The Third Step is to determine the range of values that each question will have and assign numbers to those values. Common examples are ordinal scales such as “high, medium, low” or “not likely, likely, very likely.” Again, precision is not necessary, nor encouraged, for this step. All that is required is to differentiate reasonable outcomes for each question. Because of the construction of the weights and scores, the range of values should be between zero and one. For example, the question, “Will users apply a patch, if it is released?” could be reframed in terms of a probability, with values such as very high, high, medium, low, and none, and numerical values of 0.9, 0.7, 0.5, 0.3, and 0.0, respectively.
There is an important usability issue to consider at this stage. While there may be perceived benefit to defining many granular values (which will certainly improve accuracy), this creates a trade-off with usability. The more options created, the more opportunity there will be for variation and confusion among stakeholders. Further, unless there are sufficient data on which to base any judgments, extra options would be unused and, therefore, wasted.
By now, the user will have two equity equations (one defensive and one offensive), written as a linear product of distinct questions, their relative weights, and their numerical representations. The equations can then be normalized to produce a score between, for example, 0 and 10, though the actual range is irrelevant. The point is to simply produce a range of values that can be compared across equations.
Each vulnerability can now be represented according to its defensive and offensive scores. Some testing and modifications may be needed to ensure the equations produce scores that make reasonable sense. The relative scores are what is important, not the absolute scores.
The Fourth Step is to score many vulnerabilities and compare their results. Scoring a sample of historic vulnerabilities on a two-dimensional graph (offensive equity on the x-axis and defensive equity on the y-axis) will be informative. Visually representing the relative positions may reveal patterns of past decision-making, for example, by showing how vulnerabilities of a particular characteristic or set of characteristics were systematically disclosed or restricted.
The exercise may provide a check on the scoring system itself, highlighting areas for revisions or improvements. Indeed, it may uncover a kind of disclosure boundary, below which most vulnerabilities were disclosed and above which most were restricted (or vice versa). It could also identify outliers—vulnerabilities that were scored similarly to others but whose equity decisions differed.

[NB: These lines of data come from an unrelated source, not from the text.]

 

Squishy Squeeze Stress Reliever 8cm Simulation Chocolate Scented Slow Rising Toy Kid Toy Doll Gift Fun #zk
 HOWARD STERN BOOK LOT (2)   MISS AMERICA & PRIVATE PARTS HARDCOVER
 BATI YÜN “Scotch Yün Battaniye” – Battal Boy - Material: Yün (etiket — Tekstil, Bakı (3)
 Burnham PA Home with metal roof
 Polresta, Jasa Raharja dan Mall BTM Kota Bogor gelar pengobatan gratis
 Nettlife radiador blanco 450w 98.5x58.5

In addition, viewing these past decisions may reveal national security interests, sensitivities or biases in the process. For example, both the U.S. and U.K. equities charters state that they are biased toward disclosing vulnerabilities. While examining a scoring framework would not definitively confirm or refute such a claim, it could help inform the discussion.

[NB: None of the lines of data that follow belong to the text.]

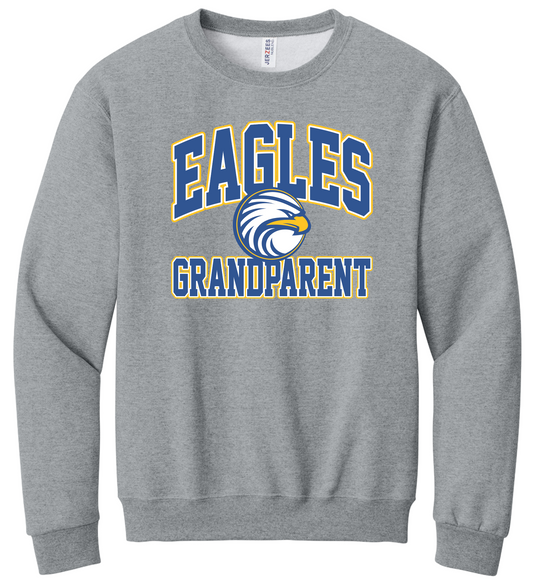 2026 ECS Eagles Grandparent Crew Sweatshirt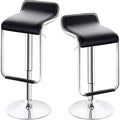 White Adjustable Swivel Bar Stools Set of 2 V345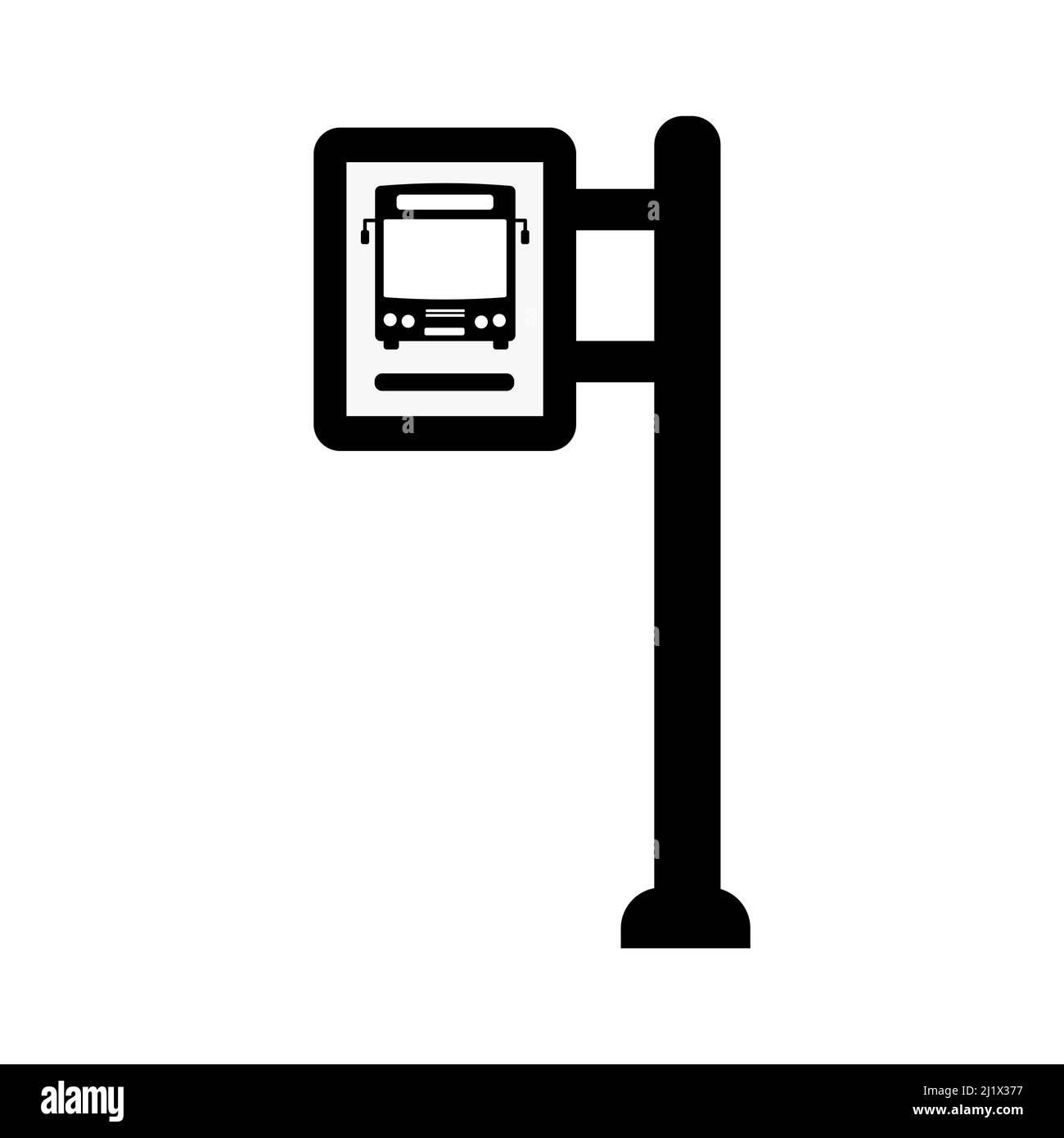 Diseño de icono de parada de autobús. Símbolo de parada de autobús en un moderno diseño de estilo plano. Ilustración vectorial. Ilustración del Vector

Many additional details and intricacies are involved in creating and using this kind of scoring system in an equities decision. And these limitations should not be underestimated. At best, this is an imperfect decision tool, and it should not replace thoughtful deliberation involving domestic, international, economic and diplomatic conditions.
Despite these limitations, this process would create an objective and repeatable method for comparing offensive and defensive equity decisions. In addition, it would provide a clear audit trail documenting past decisions and their justifications. Finally, examining past vulnerabilities on a single chart can uncover potentially surprising patterns, scoring trends over time or other boundaries of decision making.